Where were these 'patriots' when Bush raised the debt ceiling 7 times, started two unpaid for wars that were not even IN the budget? Or when Reagan raised the debt ceiling 18 times and turned our government from pay as you go to BORROW as you go?
WHAT jobs? Undertakers, chemotherapy technicians and grave diggers???
Maybe you mean the 'pipeline' that Republican governor Dave Heineman sent a letter to President Barack Obama and U.S. Secretary of State Hillary Clinton, urging the federal government to deny the permit for the Keystone XL Pipeline?
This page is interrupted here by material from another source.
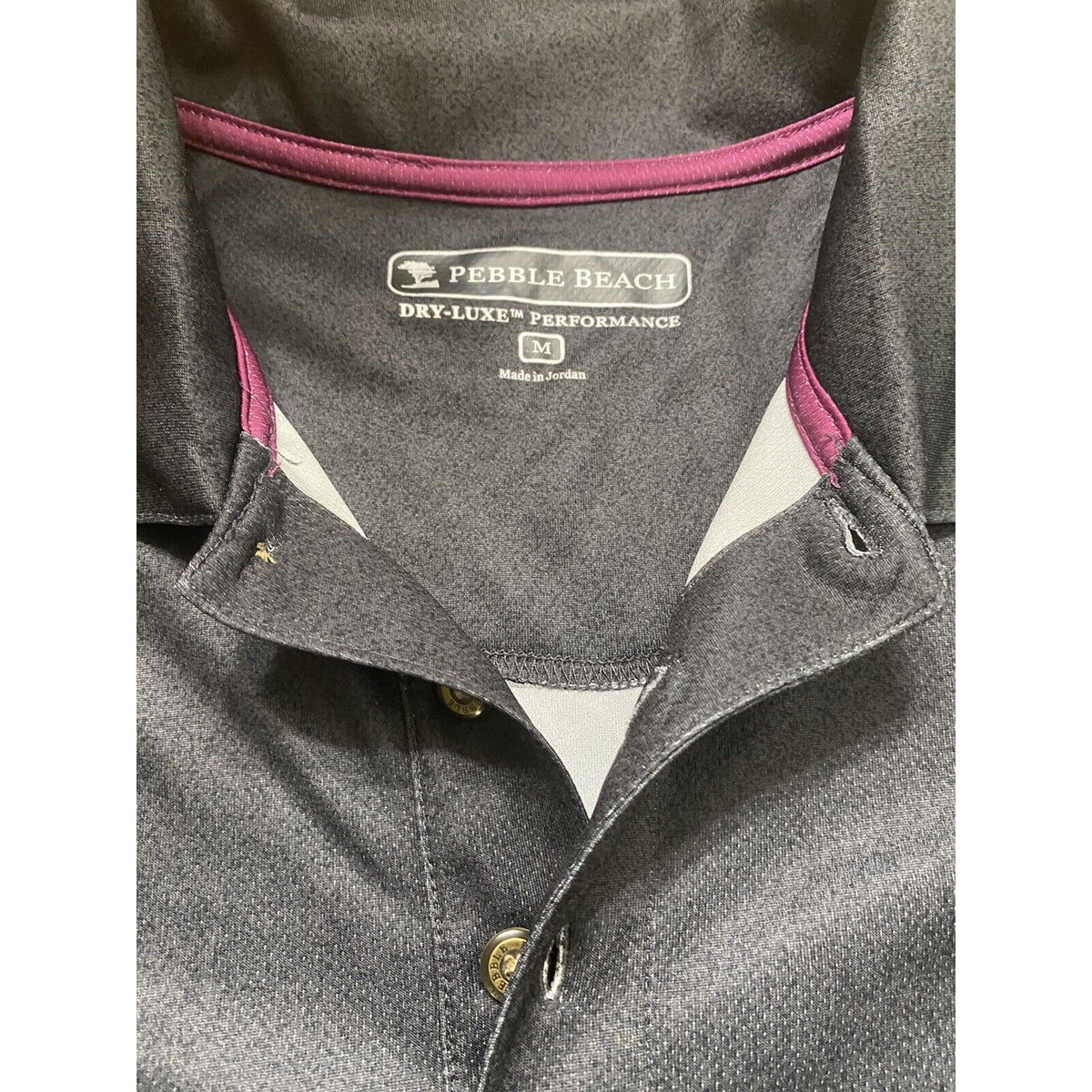 Pebble Beach Men's Medium Dry-Luxe Golf Polo Athletic Metallic Black Shirt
Six reasons Keystone XL was a bad deal all along
Here are six facts about the proposed Keystone XL deal that make clear why the pipeline was a bad deal for America and why it deserved to be rejected:
1. Keystone XL Would Not Reduce Foreign Oil Dependency
The oil to be sent through Keystone XL pipeline was never destined for US markets. In its own presentation to investors about the proposed pipeline extension, TransCanada (the company behind Keystone XL) boasted that most if not all of the extracted and refined oil would be exported --- sold in oversees markets where oil fetches a higher price (and thus turns a higher profit for the company).
2. Keystone XL Would Have Increased Domestic Oil Prices
Currently, Canadian oil reserves stored in the Midwest help suppress gas prices in the United States, particularly for farmers in our nations heartland.
In its permit application for the pipeline, TransCanada noted that the Keystone XL pipeline would allow the company to drain these reserves and export that fuel as well. According to TransCanadas own statements, this would raise gas prices in the United States, especially in the Midwest.
3. Keystone XL Overstated Number of Jobs to be Created
In 2008, TransCanadas original permit application to the State Department said the Keystone XL pipeline would create a peak workforce of approximately 3,500 to 4,200 construction personnel in temporary jobs building the pipeline.
By 2011, now facing growing opposition to the pipeline, TransCanada had inflated these numbers (using undisclosed formulas) to 20,000. Supporters of the proposal, backed by big oil, have since trumpeted these trumped up numbers.
4. Current Keystone Pipeline Leaked 12 Times in Last Year
The pipeline that the Obama administration has rejected the permit for would be an extension of a pipeline that has already leaked -- not just once, but 12 times in the last year.
While TransCanada tried to dismiss these leaks as minor averaging just five to 10 gallons of oil each, the leak on May 7, 2011 near Millner, N.D., spilled about 21,000 gallons of oil in total.
5. The Environmental Concerns About Oil Leaks Are Justified
Nebraskas Republican Governor Dave Heineman strongly opposed the Keystone XL project because the pipeline would run through a massive and vital aquifer in his state the supplies clean drinking water to over 2 million Americans plus water that fuels the regions agriculture industry.
Building the pipeline might have created a few thousand temporary jobs but even a minor oil spill in or near the aquifer would have jeopardized hundreds of thousands of jobs, not to mention the health and safety of millions.
Meanwhile, in Michigan where a similar tar sands pipeline spilled over 840,000 gallons of crude oil into the Kalamazoo River in 2010, residents are still complaining of headaches, dizziness and nausea while studies continue to look at the long-term effects of just being near such an oil spill when it happens.